O anúncio de uma gravidez é, em situação ideal, motivo de êxtase para pais e mães. Em muitos casos, porém, o comunicado marca o início do abandono. No Ceará, uma média de 6,4 mil crianças são registradas, todo ano, sem o nome do pai na certidão. Em 2021, foram 8.148, maior número desde 2016.
No ano passado, o Estado contabilizou mais de 7 mil crianças com “pais ausentes”, nomenclatura dada pela Associação Nacional dos Registradores de Pessoas Naturais (Arpen), responsável pelo levantamento.
Entre os números está o pequeno Joel*, de 1 ano, filho da confeiteira Maria Karla*, 39 – que diante do desinteresse do genitor desde o anúncio da gravidez, desistiu de inseri-lo na certidão de nascimento do menino.
“Quando vi, desde a gestação, que o pai não teria interesse, eu mesma deixei pra lá e registrei sozinha. Pra mim, tem que ter presença. Se não for pra ter, deixa como está”, sentencia Karla, que, além de Joel, tem Catarina*, de 10 anos.
A decisão da confeiteira de não insistir pela presença do pai na certidão do filho, aliás, já veio da “turbulência” que enfrentou com a primogênita. “Ela foi registrada com o nome do pai depois de um processo burocrático e humilhante. E nunca teve a presença dele”, frisa Karla.
A cearense reconhece que “psicologicamente, a função paterna é fundamental, tem um peso grande na criação, diante de uma sociedade ainda muito machista”, mas garante que o vínculo entre ela e a filha foi fortalecido no processo de criação solo.

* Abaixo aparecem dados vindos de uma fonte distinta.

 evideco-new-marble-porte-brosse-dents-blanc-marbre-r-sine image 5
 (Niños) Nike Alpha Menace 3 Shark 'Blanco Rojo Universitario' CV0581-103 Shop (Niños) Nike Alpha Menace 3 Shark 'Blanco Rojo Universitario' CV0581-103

Cenário semelhante é vivenciado pela autônoma Vânia Lima*, 26, cuja filha Ana Júlia*, de 8 anos, também tem apenas o campo materno preenchido na certidão. “Quando fui atrás dele pra registrar, ele disse que a menina não era dele. Registrei sozinha, pela decepção”, relembra.
A jovem, que à época já tinha um filho pequeno de pai ausente, relata que o período como mão solo “foi muito difícil”, já que precisou começar a trabalhar cedo para sustentar os pequenos. Contar com a rede de apoio familiar, então, foi crucial.

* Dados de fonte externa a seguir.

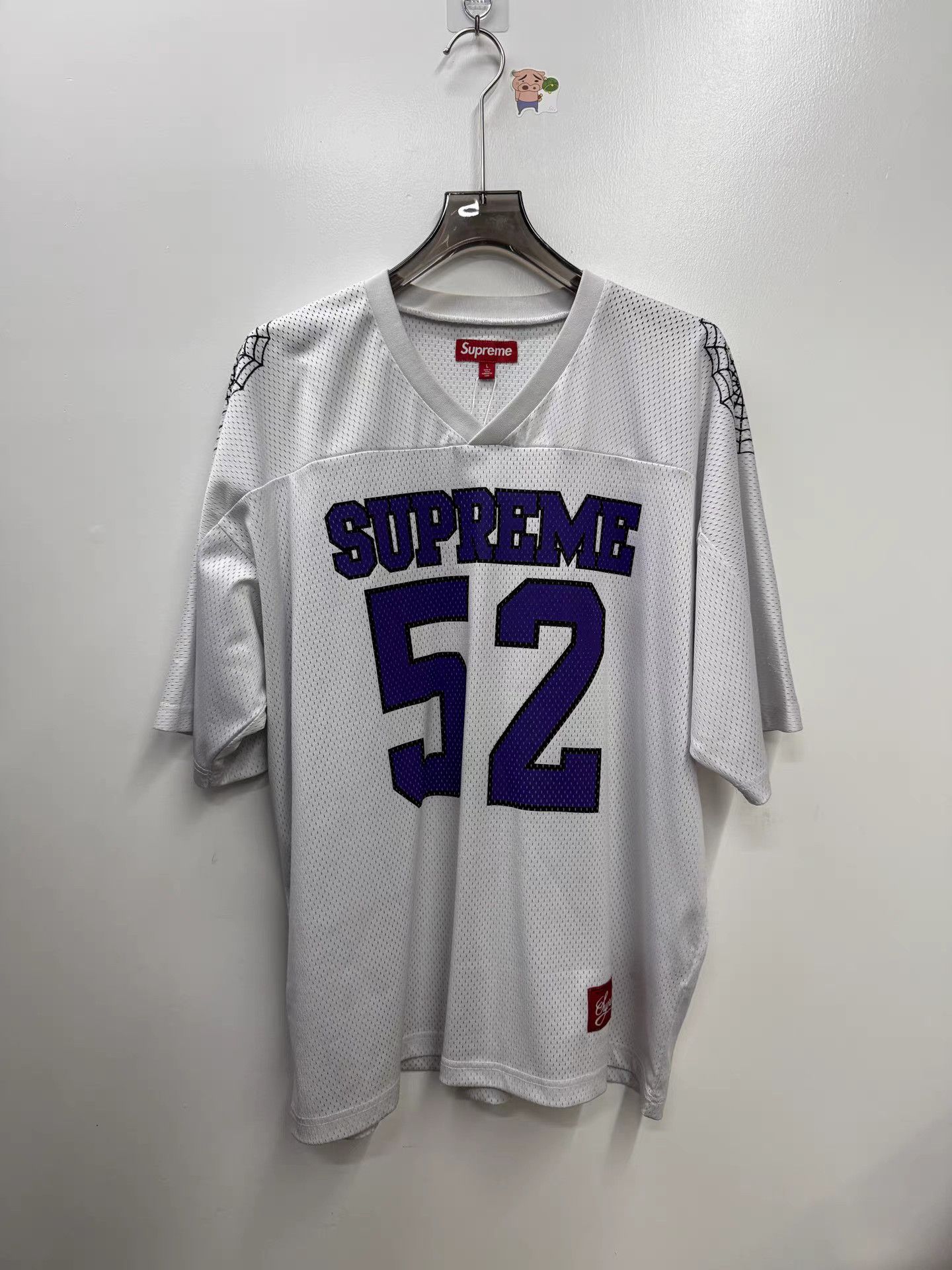 Supreme Supreme White Spider Web Jersey Short Sleeve Tee K15 Size US L / EU 52-54 / 3 - 1 Thumbnail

“Tive sempre total apoio da minha família. Minha mãe sempre disse ‘nunca dependa de homem nenhum, mulher pode tudo’. Não fui brigar pra ter o nome dele no registro se ele não ia comparecer. Eu fui registrada com nome do meu pai, mas nunca convivi”, conta.
Há 4 anos, Ana Júlia e o irmão ganharam um padrasto que, segundo Vânia, “é chamado de pai pelos dois”. “Eles sempre conheceram a verdade, o que aconteceu com os pais deles. Nunca achei certo esconder. E vivem bem com isso. Ela mesma diz: ‘minha mãe e meu pai são a senhora’.”
*Todos os nomes de mães e filhos são fictícios, para preservar a identidade das crianças.
Função paterna x figura paterna
Para as mulheres, assumir sozinha a criação de alguém é, embora comum, uma sobrecarga física, financeira e emocional, como destaca a psicóloga Andreya Arruda Amendola, coordenadora do Serviço Psicossocial da Defensoria Pública do Estado.
“A figura paterna é uma coisa, a função é outra. E muitas mães são os dois. Se a figura paterna está ausente, a mãe, avó ou outra pessoa vai se desdobrar para desempenhar essa função, que é, geralmente, de ‘inscrição da lei’, de impor limites”, analisa.
A psicóloga pontua, ainda, que “embora muitas mães consigam executar lindamente ambas as funções”, é possível que haja lacunas ao longo da infância ou da adolescência dos filhos.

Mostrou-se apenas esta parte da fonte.